What needs to be done:
Once the line with "Veluwe on an Avaghon X27.5" is found in the data, output it and each following line exactly, up to and including the line with "Photo Dec 04 2024, 11 16 46 AM", and nothing before or after.

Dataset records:
____________

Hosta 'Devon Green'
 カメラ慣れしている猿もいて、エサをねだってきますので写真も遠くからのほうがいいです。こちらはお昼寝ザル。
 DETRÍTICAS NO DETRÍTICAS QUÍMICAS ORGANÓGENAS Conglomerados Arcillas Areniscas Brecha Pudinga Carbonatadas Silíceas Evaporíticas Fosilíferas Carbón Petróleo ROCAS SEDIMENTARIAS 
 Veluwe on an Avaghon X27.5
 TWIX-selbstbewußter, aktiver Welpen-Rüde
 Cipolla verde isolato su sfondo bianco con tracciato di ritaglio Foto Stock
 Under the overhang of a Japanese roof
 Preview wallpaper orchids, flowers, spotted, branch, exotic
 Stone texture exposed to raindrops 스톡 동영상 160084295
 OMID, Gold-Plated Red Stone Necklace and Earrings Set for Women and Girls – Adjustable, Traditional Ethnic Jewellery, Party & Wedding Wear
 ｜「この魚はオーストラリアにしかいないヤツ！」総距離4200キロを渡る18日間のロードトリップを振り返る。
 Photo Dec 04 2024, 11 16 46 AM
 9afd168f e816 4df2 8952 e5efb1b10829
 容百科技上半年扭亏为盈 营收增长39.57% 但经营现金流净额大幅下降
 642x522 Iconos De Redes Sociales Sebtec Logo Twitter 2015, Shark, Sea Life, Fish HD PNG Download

____________

Expected output:
 Veluwe on an Avaghon X27.5
 TWIX-selbstbewußter, aktiver Welpen-Rüde
 Cipolla verde isolato su sfondo bianco con tracciato di ritaglio Foto Stock
 Under the overhang of a Japanese roof
 Preview wallpaper orchids, flowers, spotted, branch, exotic
 Stone texture exposed to raindrops 스톡 동영상 160084295
 OMID, Gold-Plated Red Stone Necklace and Earrings Set for Women and Girls – Adjustable, Traditional Ethnic Jewellery, Party & Wedding Wear
 ｜「この魚はオーストラリアにしかいないヤツ！」総距離4200キロを渡る18日間のロードトリップを振り返る。
 Photo Dec 04 2024, 11 16 46 AM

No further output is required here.